Woody Shaw - The Moontrane

Personnel

Woody Shaw (trumpet), Azar Lawrence (tenor saxophone, soprano saxophone), Steve Turre (trombone), Onaje Allen Gumbs (piano, electric piano), Cecil McBee (bass A2, B2), Buster Williams (bass A1, B1), Victor Lewis (drums), Guilherme Franco, Tony Waters (percussion)

Recorded

on 11 & 18 december, 1974 at Blue Rock Studios, New York City

Released

as MR 5058 in 1975

Track listing

Side A:
The Moontrane
Are They Only Dreams
Tapscott’s Blues
Side B:
Sanyas
Katerina Ballerina


Some have argued that the tragedy of Shaw’s life was the undervaluation of his genius. There’s truth in this statement. The name might ring a bell.

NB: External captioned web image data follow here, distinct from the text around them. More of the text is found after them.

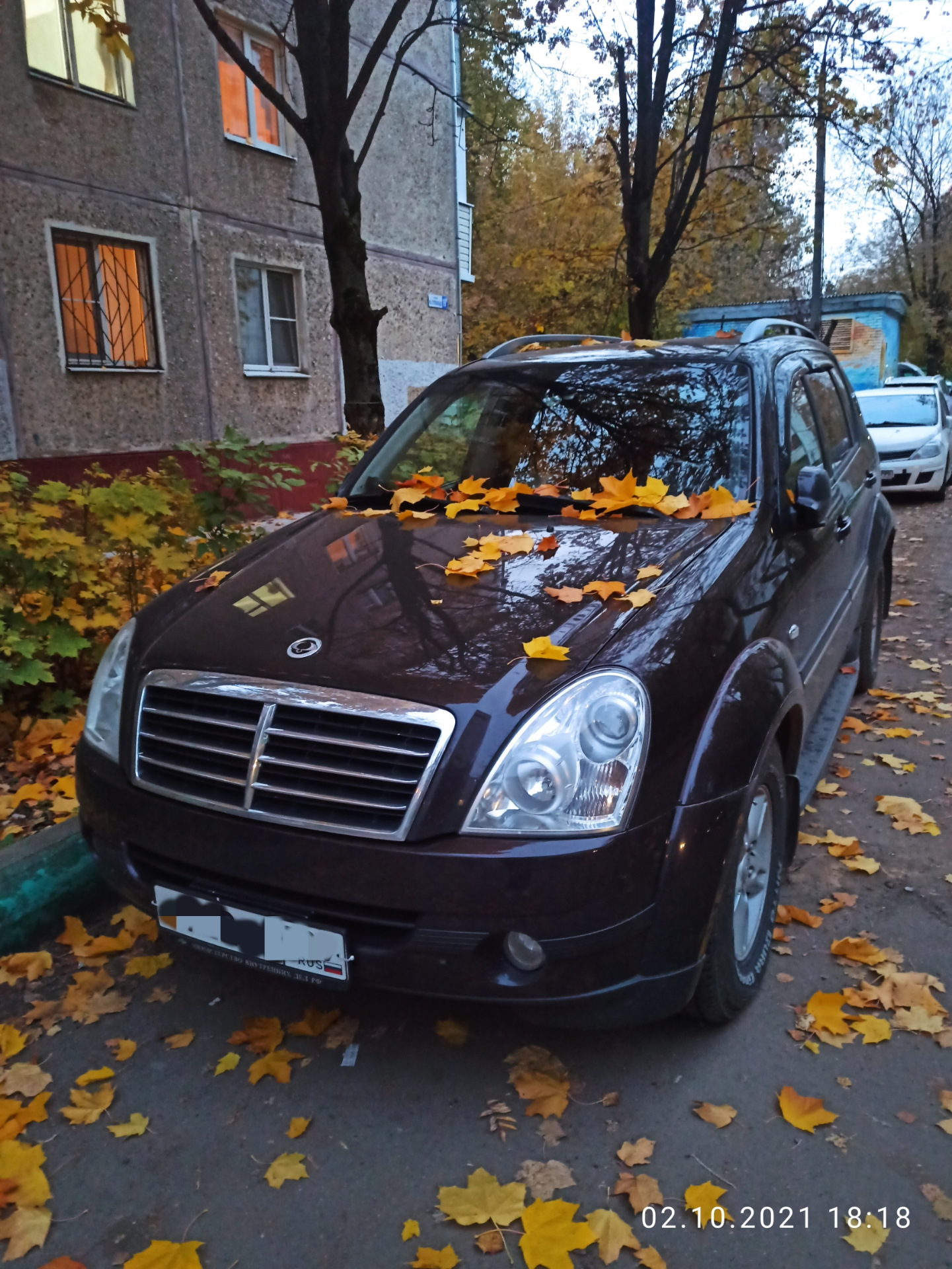 Нужен совет что может быть? — SsangYong Rexton (2G), 2,7 л, 2011 года |  поломка | DRIVE2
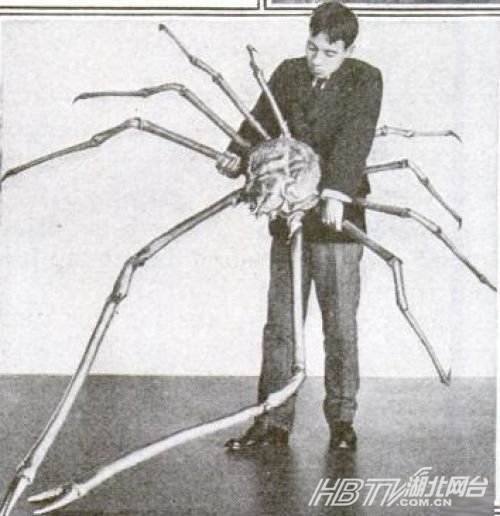 以整体尺寸计算，日本蜘蛛蟹-甘氏巨螯蟹是世界上最大的节肢动物。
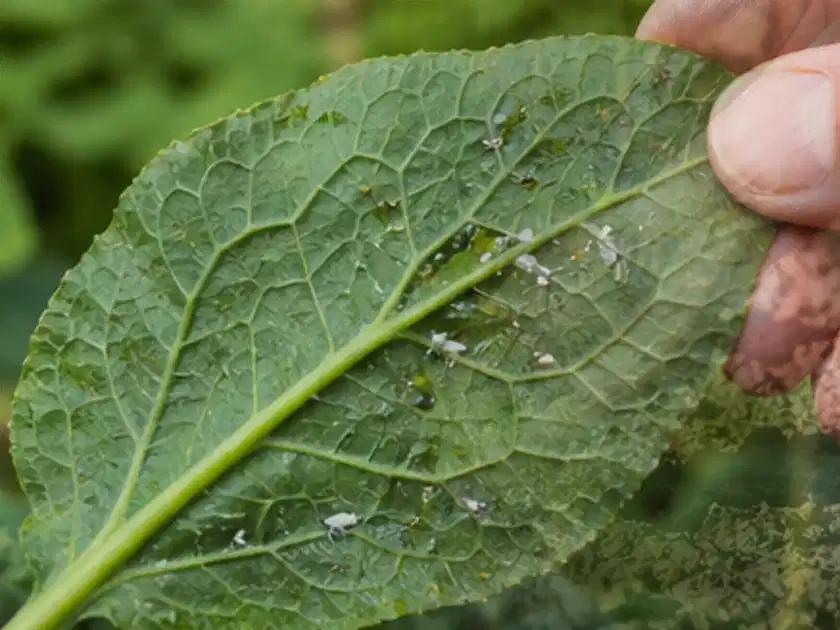 Hand hält ein Blatt mit kleinen hellen Schädlingen auf der Unterseite; Thema Kürbis, Schwerpunkt Pflanzenschutz; Titelbild.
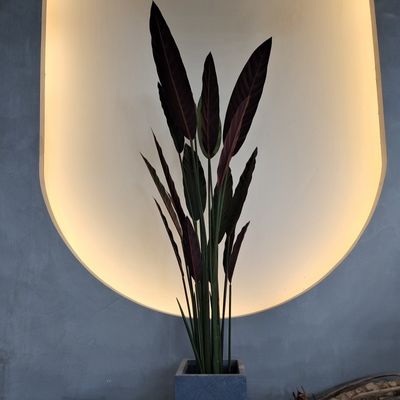 kaufen Lebensgetreue 140cm Fälschliche Paradies-Flügel Kunstpflanze für Innen / Außen online manufacture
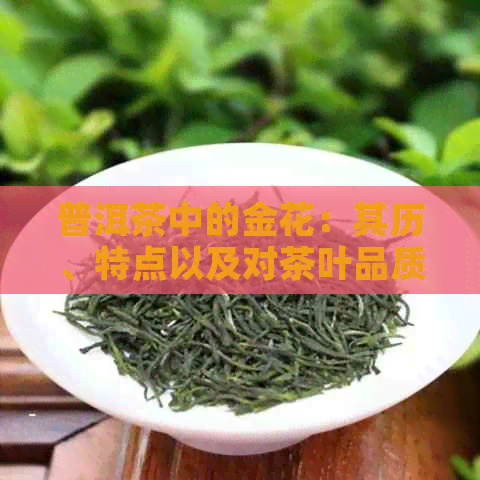 普洱茶中的金花：其历、特点以及对茶叶品质和健的影响详解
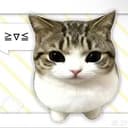 SMOOTHCAT
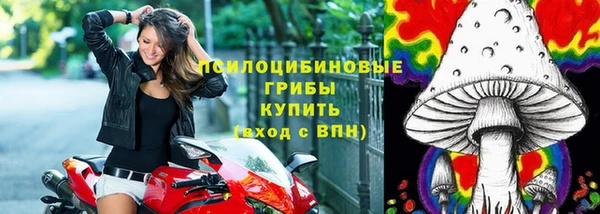 бошки Абинск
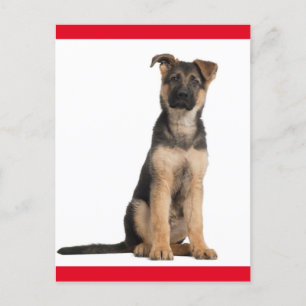 German Shepherd Puppy Dog Blank Post Card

But although Shaw was nominated for a Grammy Award for Rosewood in 1978, the average listener would never put Shaw, as far as trumpeters go, as the exclamation mark on the modern jazz sentence that begins with Dizzy Gillespie and is followed up by Clifford Brown and Miles Davis – Davis is part of the sentence not so much on a technical basis but because of his originality and vision. The average music fan has usually heard about legendary “subordinate clauses” like Lee Morgan, Freddie Hubbard and Chet Baker. Probably even hardcore jazz fans have listened more to those three than Shaw. Shaw came on the scene in the sixties but matured as a leader in the 70s, the synthesized decade that is without the revolutionary spark of bebop or the monochrome charm of hard bop and not as conducive to myth-making.

We all have our favorites, even, and with justified reason, others than mentioned above. But the exclamation mark is set in bold type by fellow musicians, who have championed Shaw as ‘the last great innovator on trumpet’. Max Roach said he had never heard anybody like Shaw, who had perfect pitch, photographic memory and a simply God-given array of talents that hint at ‘high intelligence’ and definitely are proof of a highly gifted musical intellect that effortlessly incorporated avant-garde concepts as polytonality and modality in his style. Shaw is a bridge between the classic age of modern jazz and the young lions of the 80s, many of who are now middle-aged statesmen, like Bryan Lynch, Wynton Marsalis, Nicholas Payton, Wallace Roney, Valery Ponomarev and Jarmo Hoogendijk.

Let’s hear it from Michael West, NPR:

“Shaw was a virtuoso who restructured the way trumpet players move between long intervals, and wrote his own harmonic and melodic language using notes outside the chords (a technique known as “side-slipping”).”

And Doug Ramsey, Rifftides:

“Shaw reached a level of expressiveness, headlong linear development and freedom from post-bop conventions that was not only ahead of his time; this music from three and four decades ago is ahead of much of the rote, formulaic jazz of our time. (…) Shaw was at once a liberator of the music and a preserver of tradition.”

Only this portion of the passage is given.